- Born: 1980 (age 45–46) England
- Education: London Academy of Music and Dramatic Art
- Occupation: Actress
- Years active: 2005–present
- Parents: Dai Llewellyn (father); Vanessa Hubbard (mother);
- Relatives: Gabriella Wilde (maternal half-sister)
- Website: Olivia Llewellyn

= Olivia Llewellyn =

English actress (born 1980)

Olivia Anna Cristina Llewellyn (born 1980) is an English actress, best known for her television appearances portraying Isabel Danforth in The Lizzie Borden Chronicles and Mina Harker in Penny Dreadful.

==Career==
Trained at the London Academy of Music and Dramatic Art, Llewellyn appeared in supporting roles in several television series and films before portraying Mina Harker in the Showtime series Penny Dreadful in 2014 and 2015, and Isabel Danforth in the Lifetime series The Lizzie Borden Chronicles in 2015.
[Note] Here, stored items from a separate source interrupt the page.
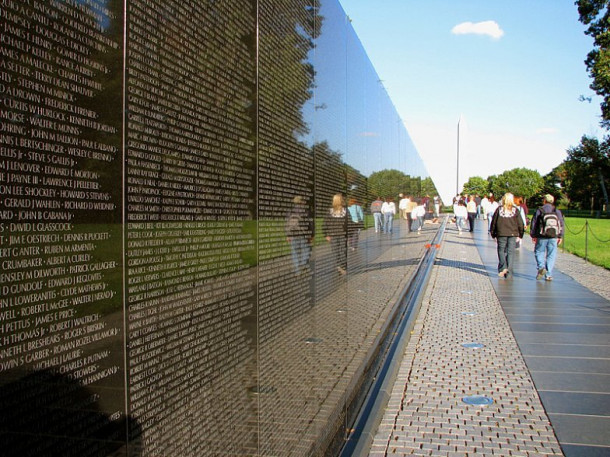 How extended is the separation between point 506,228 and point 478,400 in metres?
9.08

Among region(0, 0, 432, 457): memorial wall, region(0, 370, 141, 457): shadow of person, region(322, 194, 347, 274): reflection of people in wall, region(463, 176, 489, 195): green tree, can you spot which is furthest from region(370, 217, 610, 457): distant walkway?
region(463, 176, 489, 195): green tree

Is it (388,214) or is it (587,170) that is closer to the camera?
(388,214)

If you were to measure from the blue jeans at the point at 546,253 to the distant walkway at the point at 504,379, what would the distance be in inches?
84.3

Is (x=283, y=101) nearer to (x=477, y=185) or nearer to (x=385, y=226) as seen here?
(x=385, y=226)

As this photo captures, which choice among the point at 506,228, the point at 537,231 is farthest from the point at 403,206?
the point at 537,231

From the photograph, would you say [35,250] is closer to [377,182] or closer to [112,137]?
[112,137]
Llewellyn has appeared onstage as Flaminia in Timon of Athens with the Royal National Theatre, as Luciana in The Comedy of Errors with the Royal Shakespeare Company and as Cecile De Volanges Les Liaisons dangereuses at the Playhouse Theatre in the West End.

==Filmography==

| Year | Project | Role | Notes | Ref. |
|---|---|---|---|---|
| 2005 | Beethoven | Josephine Deym | TV miniseries |  |
| 2008 | Midsomer Murders | Helen | TV series/Episode: "Blood Wedding" |  |
| 2009 | The Boat That Rocked (aka Pirate Radio) | Margaret | Film |  |
| 2009 | Kingdom | Moonbeam | TV series/Episode 3.6 |  |
| 2011 | Dimensions | Annie | Film |  |
| 2011 | Enchantress (aka The Death of Merlin) | Viviane | Film |  |
| 2013 | Doctors | Renata Wicker | TV soap opera/Episode: "Mother's Choice" |  |
| 2013 | Lucan | Kiki | TV movie |  |
| 2014, 2015 | Penny Dreadful | Mina Harker | TV series/10 episodes |  |
| 2015 | The Musketeers | Lucie De Foix | TV series/Episode: "Keep Your Friends Close" |  |
| 2015 | Call the Midwife | Colette Wimbish | TV series/Episode 4.1 |  |
| 2015 | The Lizzie Borden Chronicles | Isabel Danforth | TV series/5 episodes |  |
| 2016 | Casualty | Verity Barratt | TV series/Episode: "Survivors" |  |

==Personal life==
Born in 1980, Llewellyn is the daughter of Sir David St Vincent "Dai" Llewellyn, 4th Baronet and Vanessa Mary Teresa Hubbard. She has a younger sister, Arabella Dominica (born 1983). Llewellyn also has several half- and step-siblings, including actresses Gabriella Wilde and Isabella Calthorpe.